Read more - it's extremely funny and wise: http://www.gutenberg.org/files/11505/11505-h/11505-h.htm#THE...




To be honest it just seems a bit like playing with words. Of course you can use "success" in sentences where it loses the meaning intended in the current context, but it seems clear to me that when someone writes "to be successful" there are implications that it means being successful on some measure that the author finds valuable or intends the reader to think valuable (in order to sell a book or something).

And of course people can argue all day about what is "being successful", since you could mostly put it as a matter of taste depending on what one finds satisfaction in, in life. It is indeed true that someone who doesn't have the same frame of reference for success as the author will have a harder time finding useful information in such a book/article, but that doesn't mean that because the measure of success can vary from person to person, it doesn't exist at all.

When such an article or book talks about that, there is a meaning behind those words that is conditioned by the cultural context in which it is used (as materialistic as it can be) and obviously this is pretty much never meant to be understood as "how to act as to be able to formulate statements that match 'I successfully did .*'", which is how this quote feels like to me...


You really should read the whole article. I definitely recognize what he talks about.

"It is perfectly obvious that in any decent occupation (such as bricklaying or writing books) there are only two ways (in any special sense) of succeeding. One is by doing very good work, the other is by cheating." (...)

"You may want to jump or to play cards; but you do not want to read wandering statements to the effect that jumping is jumping, or that games are won by winners. If these writers, for instance, said anything about success in jumping it would be something like this: "The jumper must have a clear aim before him. He must desire definitely to jump higher than the other men who are in for the same competition. He must let no feeble feelings of mercy (sneaked from the sickening Little Englanders and Pro-Boers) prevent him from trying to do his best. He must remember that a competition in jumping is distinctly competitive, and that, as Darwin has gloriously demonstrated, THE WEAKEST GO TO THE WALL." "

And the article then ends with:

"At least, let us hope that we shall all live to see these absurd books about Success covered with a proper derision and neglect. They do not teach people to be successful, but they do teach people to be snobbish; they do spread a sort of evil poetry of worldliness. The Puritans are always denouncing books that inflame lust; what shall we say of books that inflame the viler passions of avarice and pride? A hundred years ago we had the ideal of the Industrious Apprentice; boys were told that by thrift and work they would all become Lord Mayors. This was fallacious, but it was manly, and had a minimum of moral truth. In our society, temperance will not help a poor man to enrich himself, but it may help him to respect himself. Good work will not make him a rich man, but good work may make him a good workman. The Industrious Apprentice rose by virtues few and narrow indeed, but still virtues. But what shall we say of the gospel preached to the new Industrious Apprentice; the Apprentice who rises not by his virtues, but avowedly by his vices?"

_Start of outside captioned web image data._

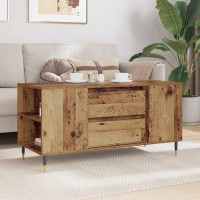 Produktbild för Kaffeebord Gammalt trä 102 x 44,5 x 50 cm Konstruerat trä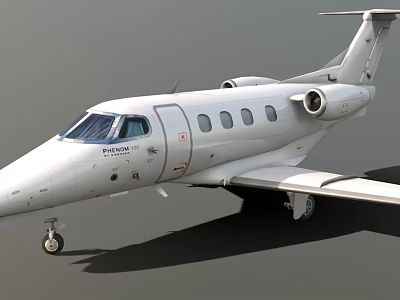 Small White Jet Aircraft With Multiple Windows Wing And Engine Parked On Ground 3d model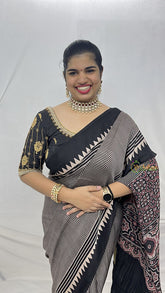 Vriksham Black Striped Print Ajrakh Modal Silk Saree-VS4440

As I was reading point 1 of Sam's article, Compound yourself, I was thinking, ah ok, teachers are in the wrong field evidently, for Success. They can never be exponentially increasing their force and effect in the way suggested.

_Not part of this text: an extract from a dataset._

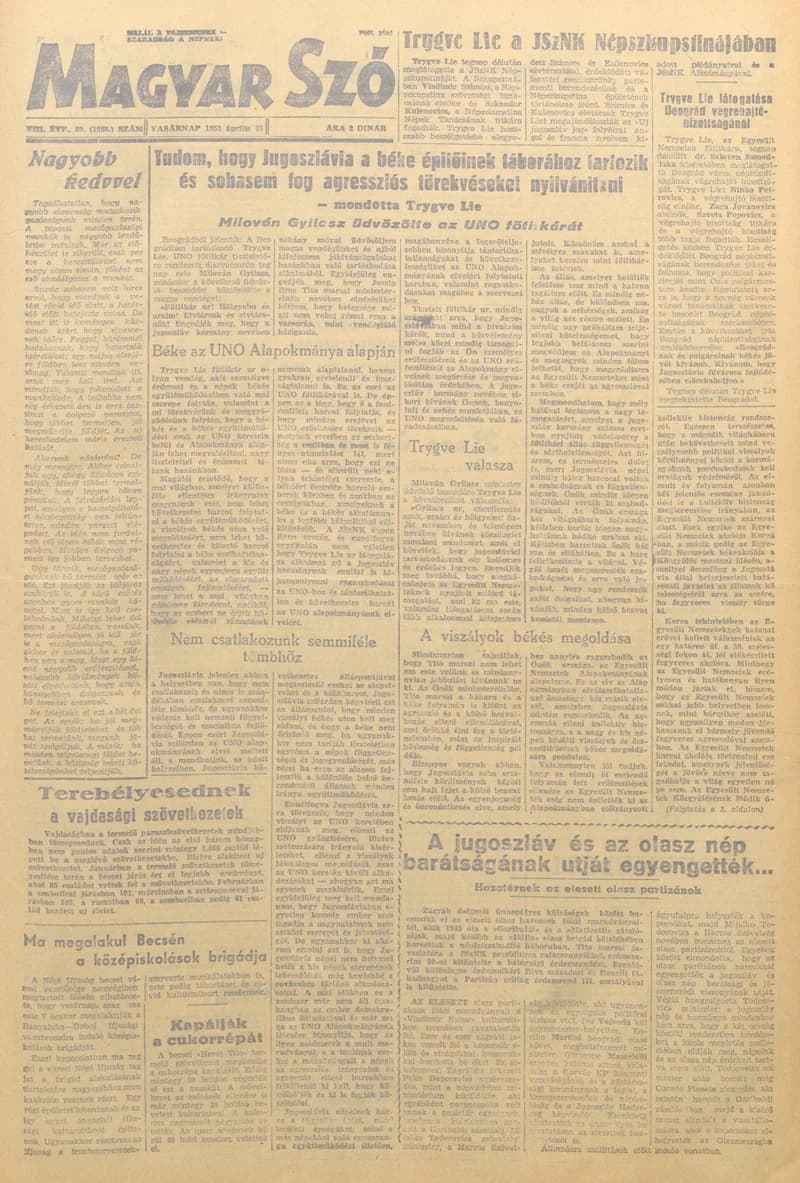 Magyar Szó, 8. évf. 1951. április 15. 89. sz. 1–4. oldal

Although there are people like Gilbert Strang, making his excellent courses (e.g. Linear Algebra) available online, which over a million people around the world have watched and benefited from, and helping to create a world with an amazing variety of free online course videos available in all subjects. That is success for a teacher, I suppose. And we're asked to believe (in this culture) that making a lot of money is or could be in any worthy sense a greater success..


Teachers compound society, which is extremely valuable but doesn't make them rich.


You should read the article I linked to! Sadly it was a bit too long to paste the whole thing.

When I was younger, my father gave me a thick and nauseating compendium labelled The University of Success, filled with extracts from vacuous books of the kind Chesterton talks about. I guess he thought I wasn't 'successful', and it would teach me how! By then I'd already read and got a lot from some of the useful books in the field - Awaken the Giant Within, Life 101, How to Win Friends and Influence People, The New Guide to Rational Living, Effortless Mastery, The Art of Possibility etc. For the kind of success I value most, I've been inspired for decades by, and owe the most to, writers such as Robert Fulghum, SARK, and most of all, Emerson.